▶ WHAT THE EXERCISE ASKS: Your output must hold every entry exactly as written and none of the pictures.

▶ EXTRACTED ENTRIES:
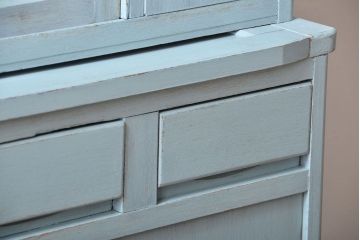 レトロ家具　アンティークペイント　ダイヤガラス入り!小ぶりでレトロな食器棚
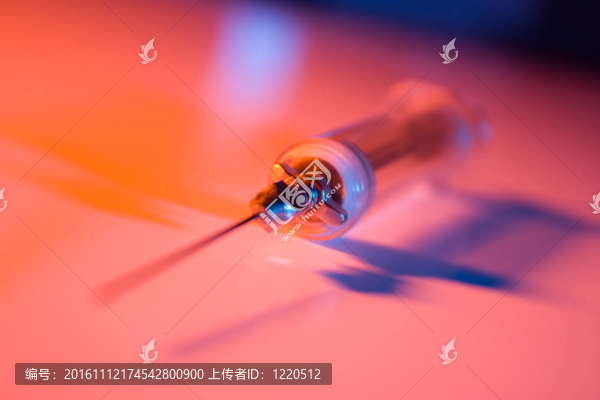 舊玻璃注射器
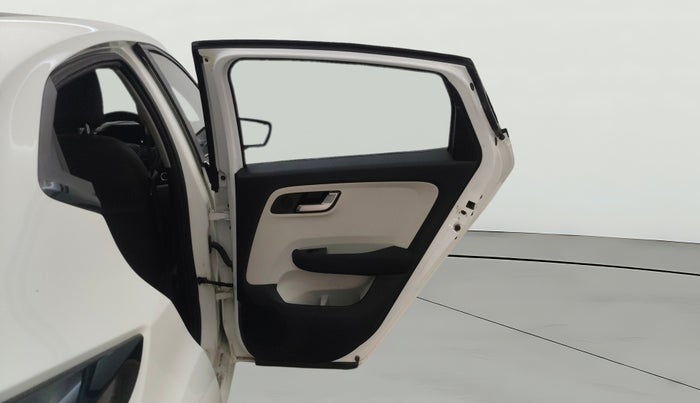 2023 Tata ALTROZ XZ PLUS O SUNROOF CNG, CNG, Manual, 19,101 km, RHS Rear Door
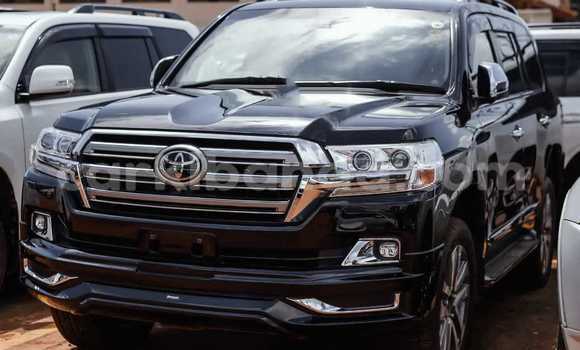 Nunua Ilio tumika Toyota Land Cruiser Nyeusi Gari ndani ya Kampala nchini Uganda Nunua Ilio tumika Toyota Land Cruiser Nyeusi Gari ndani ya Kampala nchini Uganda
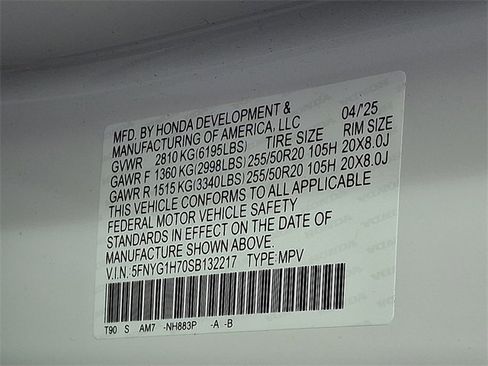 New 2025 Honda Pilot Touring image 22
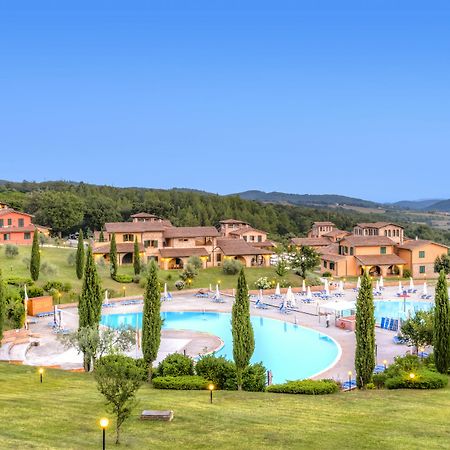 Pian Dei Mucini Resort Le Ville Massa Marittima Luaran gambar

▶ ANSWER:
 レトロ家具　アンティークペイント　ダイヤガラス入り!小ぶりでレトロな食器棚
 舊玻璃注射器
 2023 Tata ALTROZ XZ PLUS O SUNROOF CNG, CNG, Manual, 19,101 km, RHS Rear Door
 Nunua Ilio tumika Toyota Land Cruiser Nyeusi Gari ndani ya Kampala nchini Uganda Nunua Ilio tumika Toyota Land Cruiser Nyeusi Gari ndani ya Kampala nchini Uganda
 New 2025 Honda Pilot Touring image 22
 Pian Dei Mucini Resort Le Ville Massa Marittima Luaran gambar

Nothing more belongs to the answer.